Jan. 28 (Bloomberg) -- Texas Industries Inc. has agreed to a sale to Martin Marietta Materials Inc., the U.S.’s second-largest producer of sand, gravel and crushed rock used in construction, a person with knowledge of the matter said.
A merger could be announced imminently, said the person, who asked not to be named because the information is private. The deal is likely to be an all-stock transaction, one person familiar with the matter said last week.
Texas Industries, which is based in Dallas, has a market value of about $2 billion and Raleigh, North Carolina-based Martin Marietta is currently valued at about $4.8 billion. Officials at both companies didn’t reply to requests for comment by telephone and e-mail.
Texas Industries is the No. 2 cement maker in California and the biggest in its home state, giving Martin Marietta an entry into the cement market amid a U.S. construction rebound. The crushed stone, gravel and sand that Martin Marietta already produces, known as aggregates, are mixed with cement to produce concrete. In 2013, builders began work on 923,400 homes, an 18 percent jump from the prior year and the most since 2007.
The acquisition “would meaningfully change” Martin Marietta’s business mix because the company has no cement assets and only about 7 percent of sales come from concrete, Adam Rudiger, an analyst with Wells Fargo, wrote in a note yesterday. Rudiger has a market perform on the aggregates producer and doesn’t cover Texas Industries.
“Martin Marietta’s rationale for such a transaction would be to gain exposure to faster growing states,” Rudiger said. “Additionally, we note Martin Marietta has shown a desire to grow through acquisition.” Martin Marietta attempted a hostile bid for Birmingham, Alabama-based Vulcan Materials Co. in December 2011 that didn’t go through.
Shares of Texas Industries jumped as much as 6.7 percent to $76.35 in late trading yesterday, after closing at $71.54 in New York. Martin Marietta dropped 1.5 percent in regular trading to $102.78.
Martin Marietta, which shipped 128 million tons (116 million metric tons) of aggregates in 2012, began expanding outside of its core business in 2011, including an asset swap to gain concrete and asphalt operations near Denver. Chief Executive Officer Ward Nye said in August the increase in these “vertically integrated businesses” is a way to tap growing markets.
Building-materials companies struggled through a housing and commercial-construction slump that shrank U.S. cement demand by 44 percent in the five years ended in 2010, according to data compiled by Bloomberg. Consumption in 2010 of 71 million tons was the lowest since 1980, and that figure rose only to 79 million tons in 2012, the data show.
Annual production capacity at Texas Industries, also referred to as TXI, is 6.8 million tons.
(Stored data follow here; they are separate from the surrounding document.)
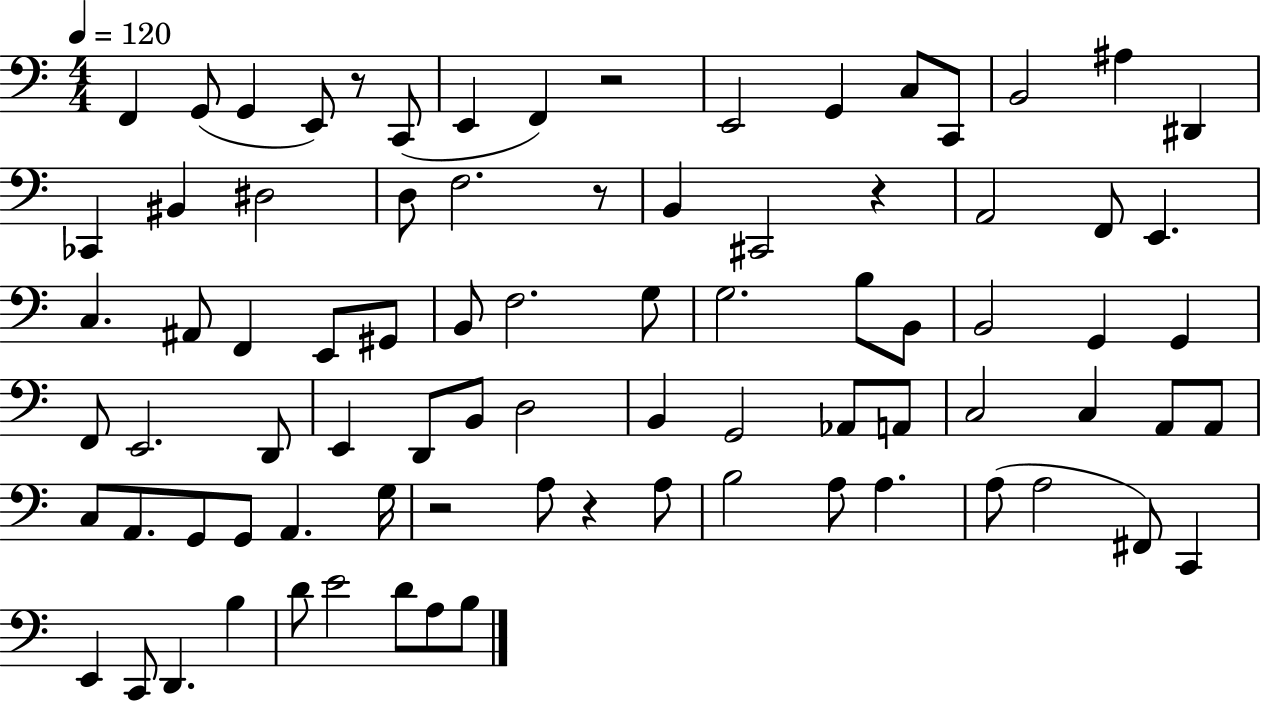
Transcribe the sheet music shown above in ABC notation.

X:1
T:Untitled
M:4/4
L:1/4
K:C
F,, G,,/2 G,, E,,/2 z/2 C,,/2 E,, F,, z2 E,,2 G,, C,/2 C,,/2 B,,2 ^A, ^D,, _C,, ^B,, ^D,2 D,/2 F,2 z/2 B,, ^C,,2 z A,,2 F,,/2 E,, C, ^A,,/2 F,, E,,/2 ^G,,/2 B,,/2 F,2 G,/2 G,2 B,/2 B,,/2 B,,2 G,, G,, F,,/2 E,,2 D,,/2 E,, D,,/2 B,,/2 D,2 B,, G,,2 _A,,/2 A,,/2 C,2 C, A,,/2 A,,/2 C,/2 A,,/2 G,,/2 G,,/2 A,, G,/4 z2 A,/2 z A,/2 B,2 A,/2 A, A,/2 A,2 ^F,,/2 C,, E,, C,,/2 D,, B, D/2 E2 D/2 A,/2 B,/2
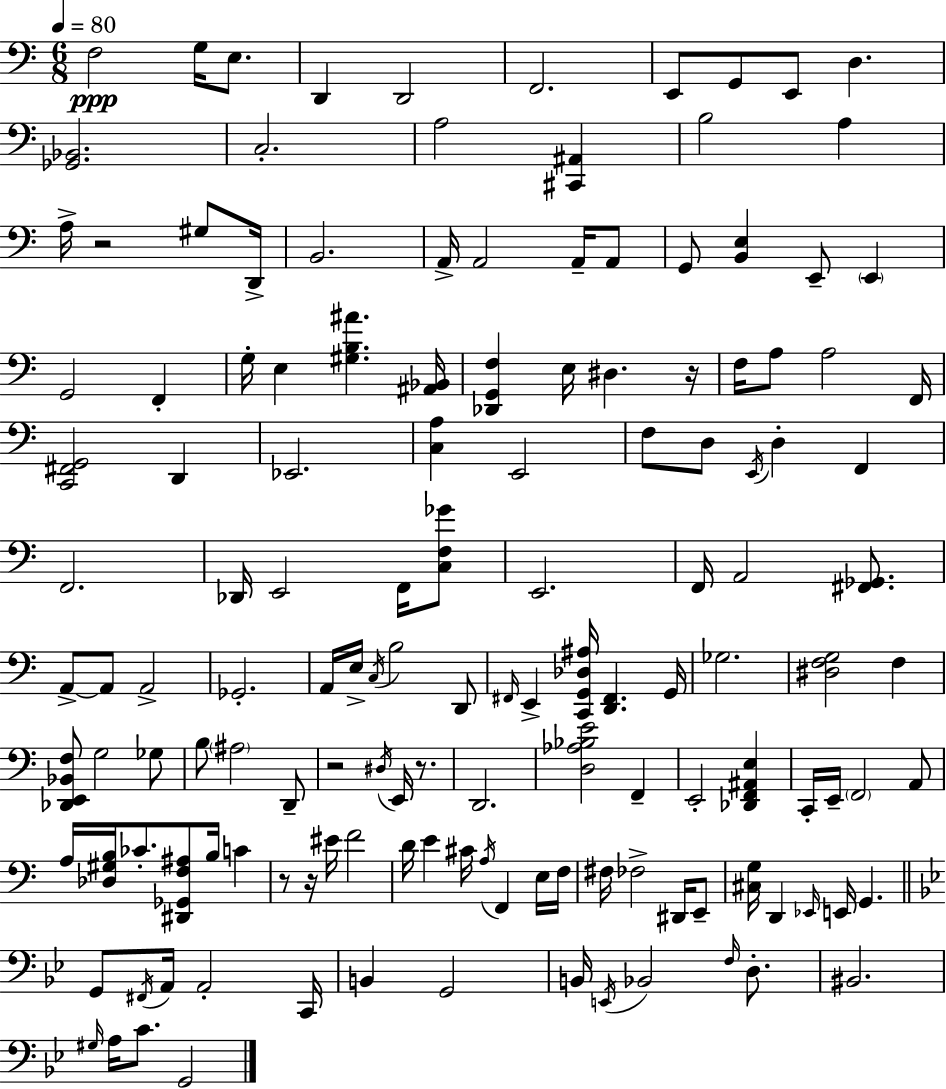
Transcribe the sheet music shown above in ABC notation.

X:1
T:Untitled
M:6/8
L:1/4
K:Am
F,2 G,/4 E,/2 D,, D,,2 F,,2 E,,/2 G,,/2 E,,/2 D, [_G,,_B,,]2 C,2 A,2 [^C,,^A,,] B,2 A, A,/4 z2 ^G,/2 D,,/4 B,,2 A,,/4 A,,2 A,,/4 A,,/2 G,,/2 [B,,E,] E,,/2 E,, G,,2 F,, G,/4 E, [^G,B,^A] [^A,,_B,,]/4 [_D,,G,,F,] E,/4 ^D, z/4 F,/4 A,/2 A,2 F,,/4 [C,,^F,,G,,]2 D,, _E,,2 [C,A,] E,,2 F,/2 D,/2 E,,/4 D, F,, F,,2 _D,,/4 E,,2 F,,/4 [C,F,_G]/2 E,,2 F,,/4 A,,2 [^F,,_G,,]/2 A,,/2 A,,/2 A,,2 _G,,2 A,,/4 E,/4 C,/4 B,2 D,,/2 ^F,,/4 E,, [C,,G,,_D,^A,]/4 [D,,^F,,] G,,/4 _G,2 [^D,F,G,]2 F, [_D,,E,,_B,,F,]/2 G,2 _G,/2 B,/2 ^A,2 D,,/2 z2 ^D,/4 E,,/4 z/2 D,,2 [D,_A,_B,E]2 F,, E,,2 [_D,,F,,^A,,E,] C,,/4 E,,/4 F,,2 A,,/2 A,/4 [_D,^G,B,]/4 _C/2 [^D,,_G,,F,^A,]/2 B,/4 C z/2 z/4 ^E/4 F2 D/4 E ^C/4 A,/4 F,, E,/4 F,/4 ^F,/4 _F,2 ^D,,/4 E,,/2 [^C,G,]/4 D,, _E,,/4 E,,/4 G,, G,,/2 ^F,,/4 A,,/4 A,,2 C,,/4 B,, G,,2 B,,/4 E,,/4 _B,,2 F,/4 D,/2 ^B,,2 ^G,/4 A,/4 C/2 G,,2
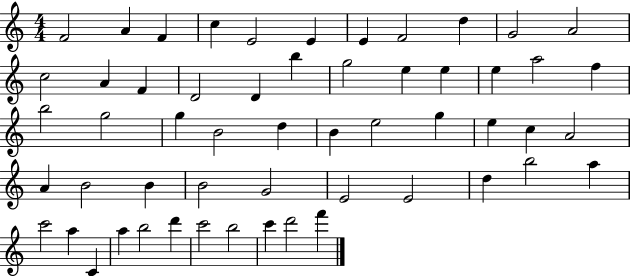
{
  \clef treble
  \numericTimeSignature
  \time 4/4
  \key c \major
  f'2 a'4 f'4 | c''4 e'2 e'4 | e'4 f'2 d''4 | g'2 a'2 | \break c''2 a'4 f'4 | d'2 d'4 b''4 | g''2 e''4 e''4 | e''4 a''2 f''4 | \break b''2 g''2 | g''4 b'2 d''4 | b'4 e''2 g''4 | e''4 c''4 a'2 | \break a'4 b'2 b'4 | b'2 g'2 | e'2 e'2 | d''4 b''2 a''4 | \break c'''2 a''4 c'4 | a''4 b''2 d'''4 | c'''2 b''2 | c'''4 d'''2 f'''4 | \break \bar "|."
}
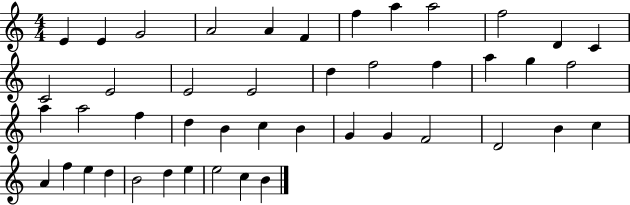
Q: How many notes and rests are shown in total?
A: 45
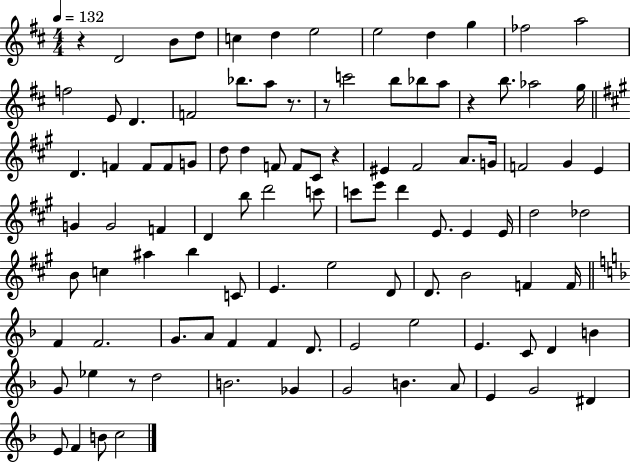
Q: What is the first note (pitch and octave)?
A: D4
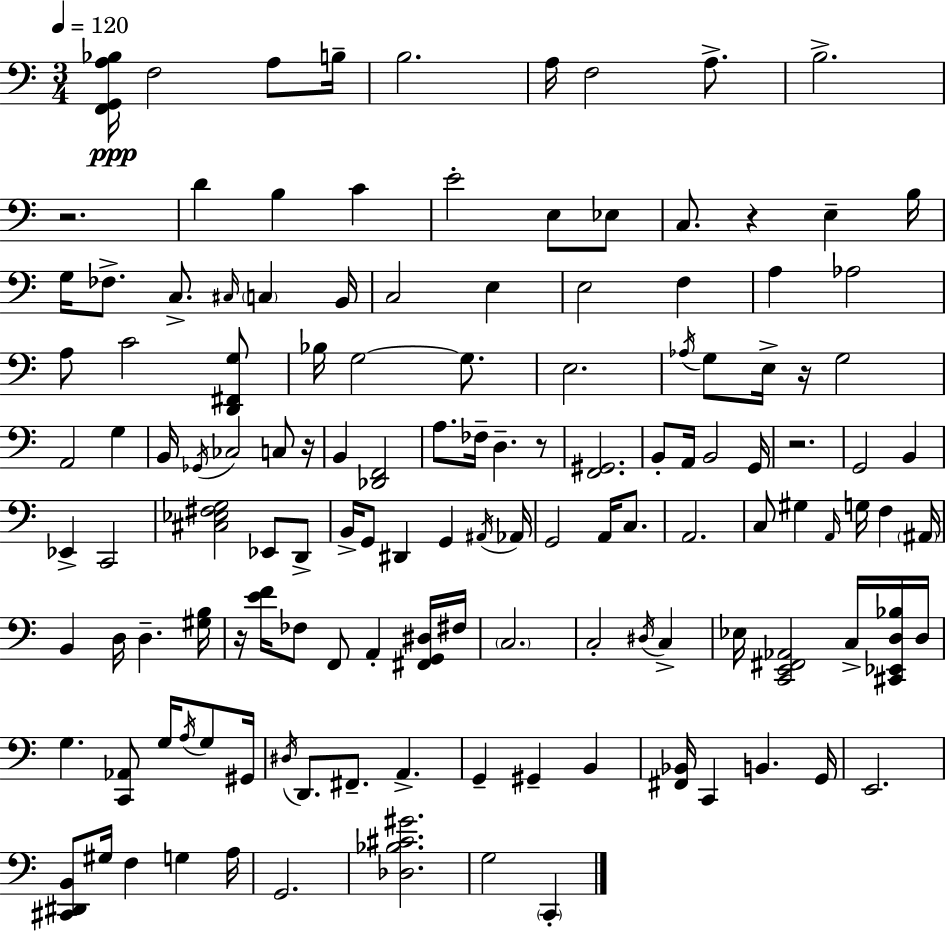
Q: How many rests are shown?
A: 7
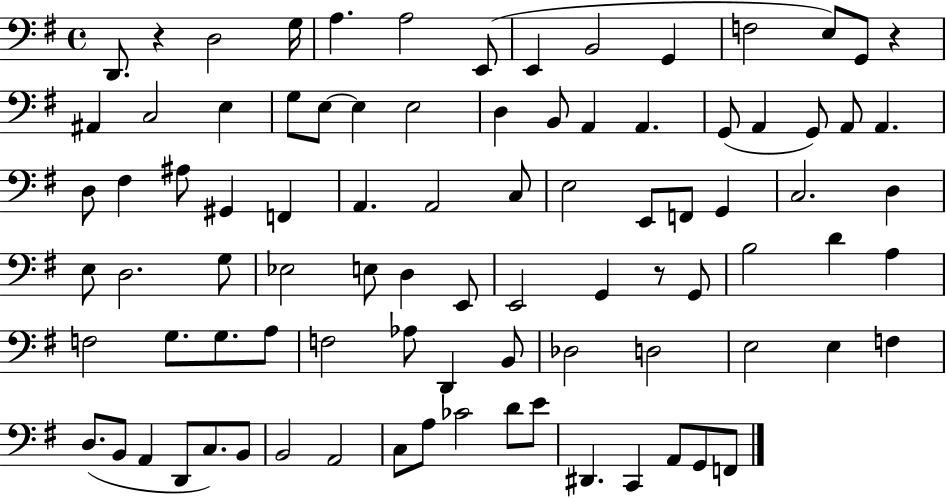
{
  \clef bass
  \time 4/4
  \defaultTimeSignature
  \key g \major
  d,8. r4 d2 g16 | a4. a2 e,8( | e,4 b,2 g,4 | f2 e8) g,8 r4 | \break ais,4 c2 e4 | g8 e8~~ e4 e2 | d4 b,8 a,4 a,4. | g,8( a,4 g,8) a,8 a,4. | \break d8 fis4 ais8 gis,4 f,4 | a,4. a,2 c8 | e2 e,8 f,8 g,4 | c2. d4 | \break e8 d2. g8 | ees2 e8 d4 e,8 | e,2 g,4 r8 g,8 | b2 d'4 a4 | \break f2 g8. g8. a8 | f2 aes8 d,4 b,8 | des2 d2 | e2 e4 f4 | \break d8.( b,8 a,4 d,8 c8.) b,8 | b,2 a,2 | c8 a8 ces'2 d'8 e'8 | dis,4. c,4 a,8 g,8 f,8 | \break \bar "|."
}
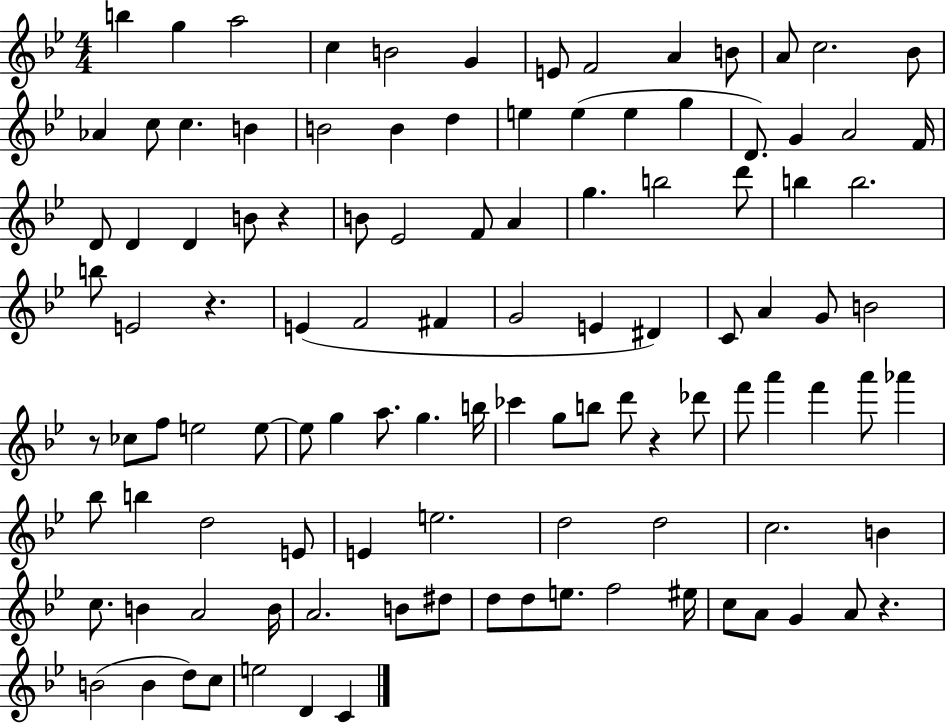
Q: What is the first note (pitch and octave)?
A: B5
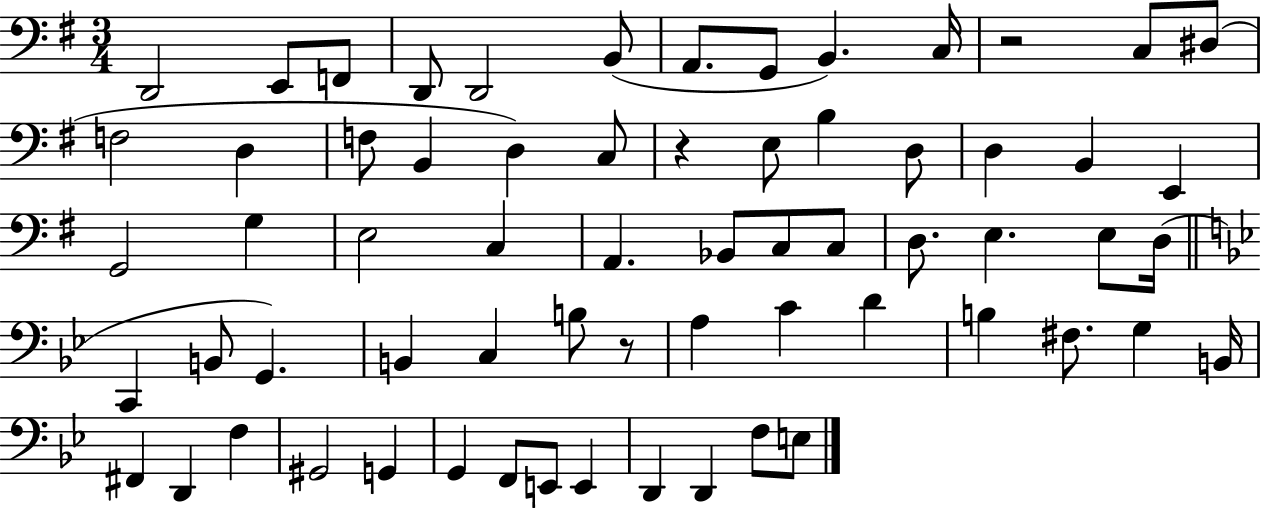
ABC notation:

X:1
T:Untitled
M:3/4
L:1/4
K:G
D,,2 E,,/2 F,,/2 D,,/2 D,,2 B,,/2 A,,/2 G,,/2 B,, C,/4 z2 C,/2 ^D,/2 F,2 D, F,/2 B,, D, C,/2 z E,/2 B, D,/2 D, B,, E,, G,,2 G, E,2 C, A,, _B,,/2 C,/2 C,/2 D,/2 E, E,/2 D,/4 C,, B,,/2 G,, B,, C, B,/2 z/2 A, C D B, ^F,/2 G, B,,/4 ^F,, D,, F, ^G,,2 G,, G,, F,,/2 E,,/2 E,, D,, D,, F,/2 E,/2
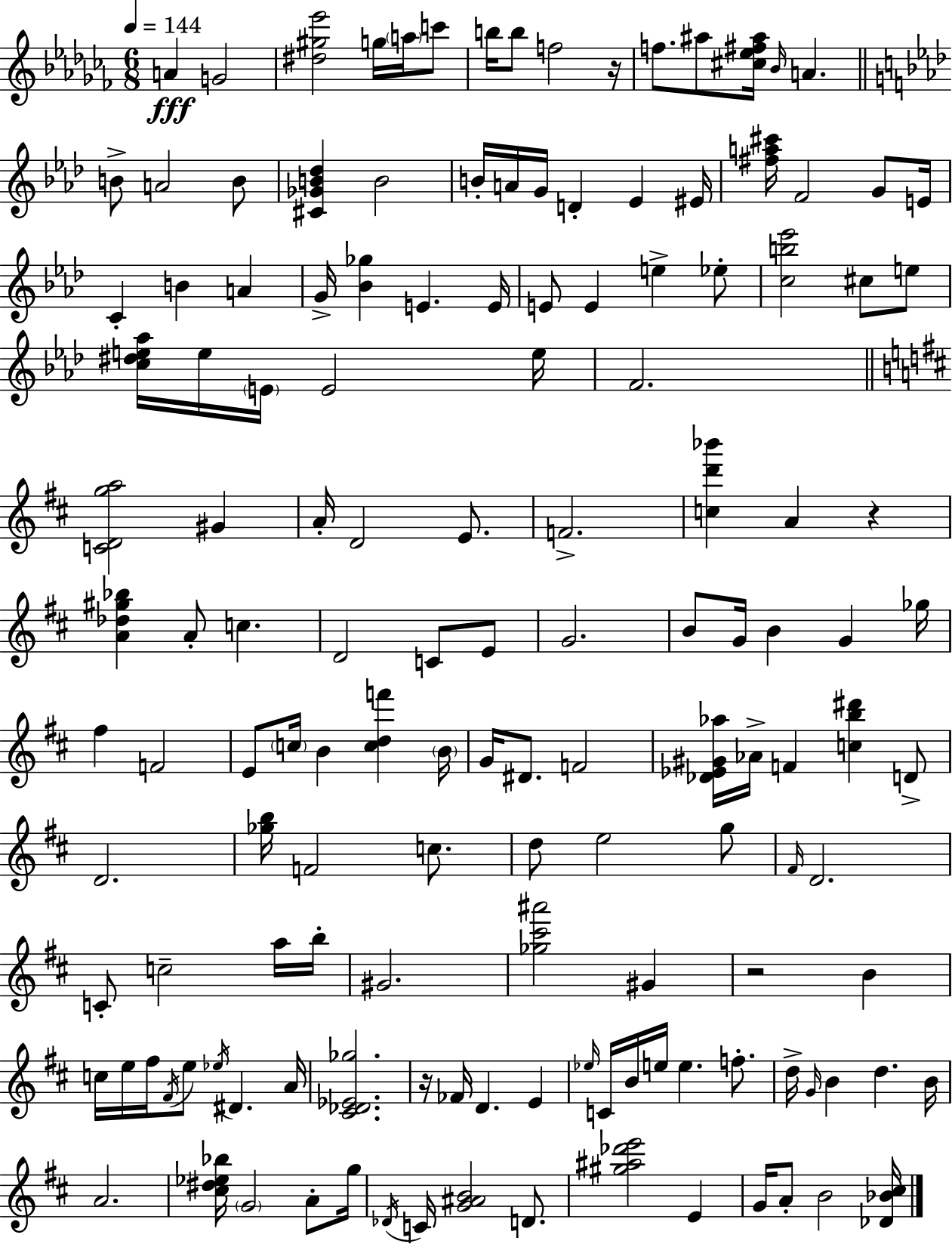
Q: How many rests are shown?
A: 4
The company, which operates two cement plants in Texas and one in California, has posted losses from continuing operations in four of the past five years.
Texas Industries said Jan. 8 it has announced cement price increases totaling 8 percent in Texas and 8.5 percent in California by April, citing improved construction. Over the next five years, annual cement demand will rise an average of 6 percent in Texas and 9 percent in California, Chief Operating Officer Jamie Rogers said on a conference call with analysts, citing data from the Portland Cement Association.
To meet higher demand in Texas, the company restarted an older kiln at a plant in the state, with 900,000 tons of capacity.